Numeric null inputs in Spark Pandas Realtime Feature Views​
If you expect to use numeric nulls, Python mode (mode="python"
) is strongly
recommended.
Spark offline Pandas-mode (mode="pandas"
) Realtime Feature Views inputs have
special handling for numeric (i.e. Integer or Float) null values; numeric null
inputs are cast to NaN
.
By contrast, when running online (i.e. serving a production HTTP request), in
Python mode, or on Tecton on Snowflake, numeric nulls are provided as None
like all other data types.
See the following example given the request input to this Feature View is
provided as {input_int: null, input_float: null}
:
from tecton import RequestSource, realtime_feature_view, Attribute
from tecton.types import Int64, Float64, Field
request = RequestSource([Field("input_int", Int64), Field("input_float", Float64)])
@realtime_feature_view(
sources=[request],
mode="pandas",
features=[Attribute("output_int", Int64), Attribute("output_float", Float64)],
)
def numeric_null_example(request_df):
import pandas
print(request_df["input_int"][0]) # `nan` in Spark offline. `None` in all other cases.
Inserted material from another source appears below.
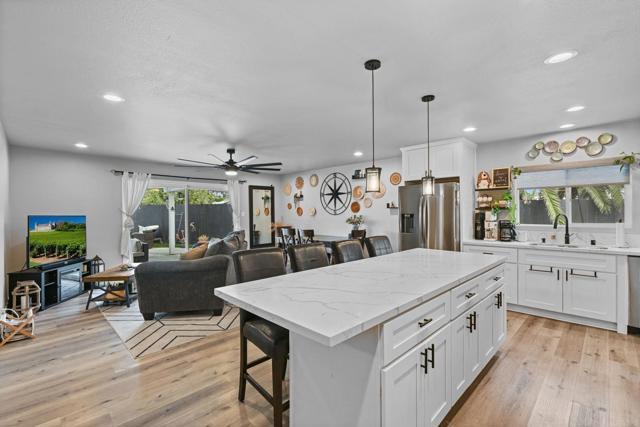 Building Photo - 3516 Las Vegas Dr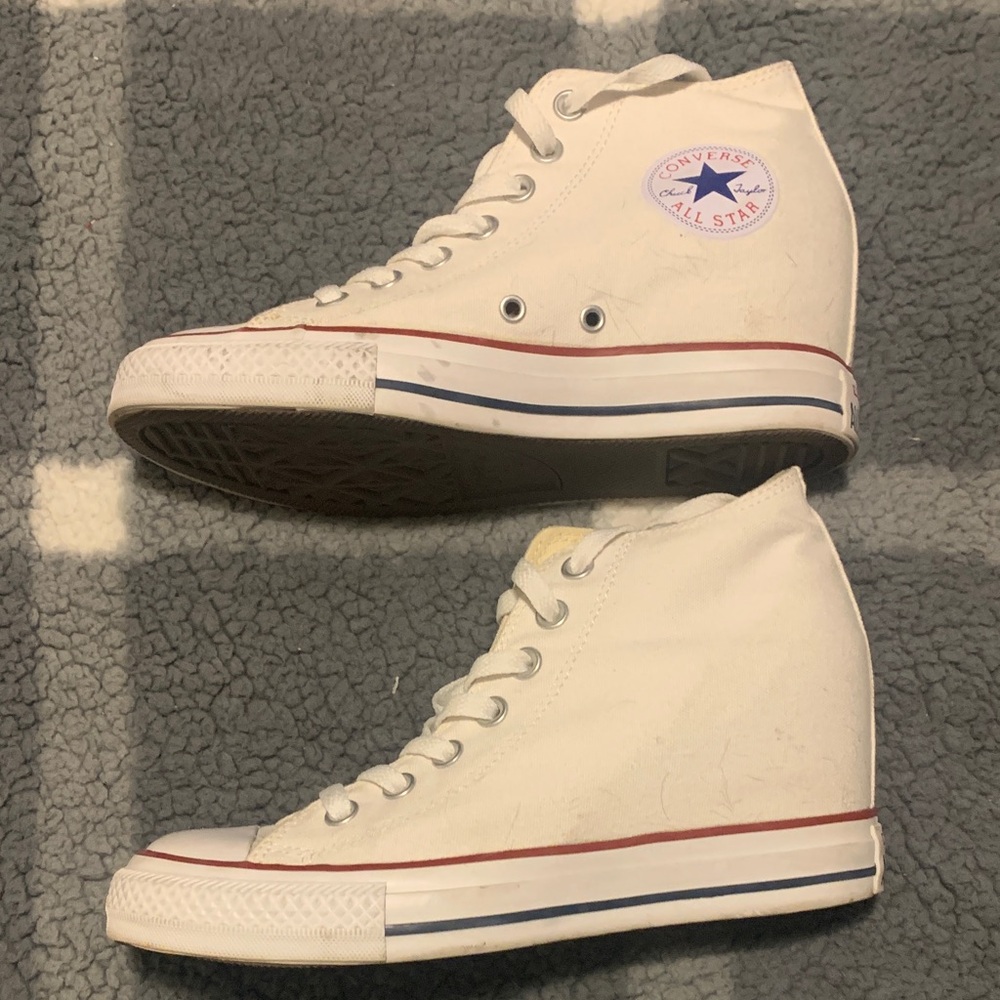 Converse White Hidden Heel High-Tops with Red and Blue Accents Size 8.5.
print(request_df["input_float"][0]) # `nan` in Spark offline. `None` in all other cases.
# `None` values in the output features are correctly handled as `null` in all cases.
return pandas.DataFrame.from_records([{"output_int": None, "output_float": None}])
The ttl (time-to-live) parameter in Feature Views​
The value of ttl
affects the availability of feature data in the online store,
the generation of training feature data, and the deletion of feature values from
the online store.
ttl
is a Batch and Stream Feature View parameter, as well as a Feature Table
parameter.
For more information, refer to this page.
How can users delete feature values from the offline store?​
To delete values from the offline store, use the delete_keys() method.
How can users delete feature definitions from Tecton?​
If you wish to delete a Feature View that's been applied to a workspace, whether or not data has been materialized, simply remove or comment out its definition from your Feature Repository. This will delete the Feature View, rendering its associated data inaccessible and subsequently dropped.